Patients must also work to be prepared. Before an emergency, patients should have documentation of their diabetes and how they are monitoring and controlling it. A written list of medications is essential in case their medication is damaged during the disaster.
In Puerto Rico, emergency plans were tested during several recent disasters. Puerto Rico had several days’ head start before Hurricane Maria approached. At Hospital General Castañer, clinicians went into the community to get additional medication into the hands of those most at risk. Unfortunately, a lot of medicine was damaged during the hurricane. When the power went out, many people threw away their insulin, fearing that it had gotten warm, and headed back to the hospital for a new prescription, but their health plans would not cover the insulin as they had just refilled their prescription – a concern that health centers should prepare for. In this emergency, the hospital advised patients to keep their insulin vials in cool clean water to maintain a low temperature, and to keep it out of direct sunlight, when refrigeration was unavailable. Dr. Rodriguez noted that the hospital was without regular electricity for six months. When infrastructure is destroyed, the disruption becomes a long-term concern, and medication and storage of medication should be considered when patients develop their personal plan.
Home monitoring and clinical concerns
Patients may need to practice self-management of their diabetes for extended periods, and consequently should be well informed of their health concerns and how to monitor their diabetes. Patients should also be aware of the signs and symptoms when their diabetes requires immediate clinical attention. Stress, illnesses, exercise, and other medications can all affect control of diabetes.

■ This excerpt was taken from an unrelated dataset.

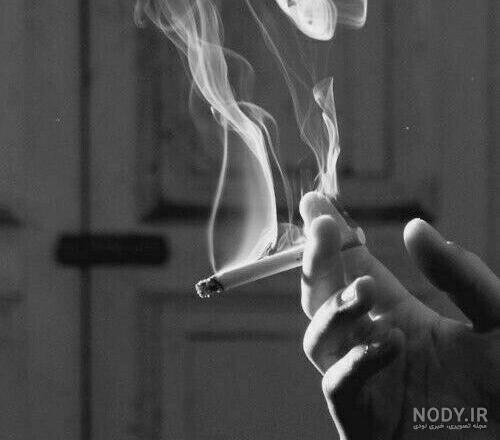عکس دخترونه سیگاری مود
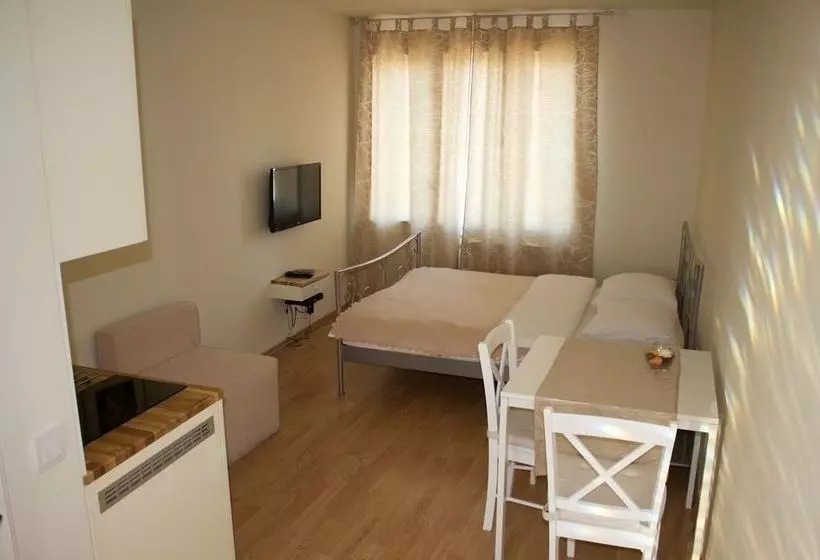 Apartments Srceko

Of course, going into an emergency with controlled diabetes is much safer than with uncontrolled, and patients should be encouraged to take diabetes care seriously and urgently. After a disaster, with no electricity, patients need to have written instructions to refer to on how to monitor their diabetes, Dr. Rodriguez recommended, and power supplies to keep their home monitoring systems working properly. He emphasized the importance of FDA-approved monitors, and working with patients to troubleshoot potential issues to make sure readings are correct. Many newer home monitoring devices monitor blood sugar throughout the day, and allow patients to send blood sugar graphs to their clinicians for review. Understanding blood sugar dips and spikes throughout the day, what causes them, and how to adjust medication and lifestyle to prevent unhealthy ones, is important for patients with diabetes to understand before a disaster strikes.

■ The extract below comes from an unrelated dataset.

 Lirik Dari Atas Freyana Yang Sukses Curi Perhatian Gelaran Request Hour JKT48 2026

Patients must understand the signs and symptoms of hypo- and hyperglycemia, in the case that home monitoring systems fail. For hypoglycemia, when blood sugar is too low, symptoms include sweating, disorientation, confusion, irritability, tremors, faster or irregular heartbeat, dizziness, imbalance, convulsions. Hypoglycemia can lead to a coma if not treated. Hyperglycemia, when blood sugar is too high, has some overlapping symptoms, including dizziness, irregular heartbeat, sweating, confusion, and a general feeling of being unwell. However, hyperglycemia frequently presents with thirst and frequent urination, hunger, and blurred vision. In the case of an emergency, where equipment is unavailable and emergency services are hard to reach, a patient can test with food. If food improves your low blood sugar within 15 to 30 minutes, then the patient was experiencing an episode of hypoglycemia. If it does not improve, emergency services are warranted.

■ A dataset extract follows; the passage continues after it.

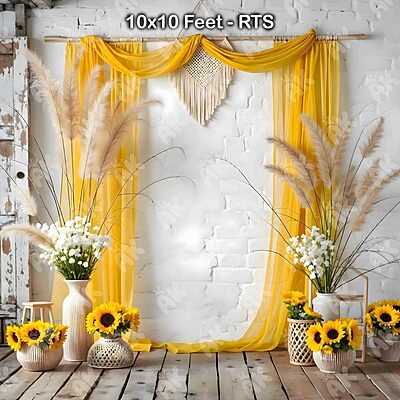 Sunbeam Drape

Mental health and wellness
Mental health is an oft-overlooked concern that people with diabetes must prepare for in the case of a disaster. Any disaster can affect an individual’s mental health.
“Stress is a physiological response to an external event,” Wessel said. “This can start a cycle of stress, that whenever there are external circumstances beyond your control, you can begin to feel stress. For diabetes, all this stress can increase blood sugar.” Stress causes the release of adrenaline and cortisol, hormones that disrupt the body’s usage of insulin, which is itself a type of hormone.
Wessel emphasized teaching strategies to reduce stress as part of the health plan for people with diabetes, and for others in communities that are at risk of a disaster – which, with climate change, are all communities. Primary strategies include recognition and separation of what one can control after a disaster from that which is out of one’s control. After a disaster, there are many unknowns, as communication is cut off and situations remain unstable. Releasing control of the situation and focusing instead on what is controllable – how to spend time, how to help others in ways that are safe, how to take care of one’s body with food and care – will reduce stress.
Anxiety is a combination of stress and worry that can have a serious impact on physical well-being. “I say that anxiety is like the biggest stress, stress that can’t be calmed down,” Wessel said. “It’s a stress that’s so strong that it causes anxiety. But the solution to anxiety is similar.” Uncertainty during a disaster can be addressed similarly, as individuals, with care to one’s health and well-being; or as a community, coming together to release negative reactions through a shared mass, a community art or singing project, or other community-level outlets. Health care workers, for their part, must be prepared for how they are going to maintain communication with the community to provide clear messages over the clinic’s activities and limitations in the wake of a disaster.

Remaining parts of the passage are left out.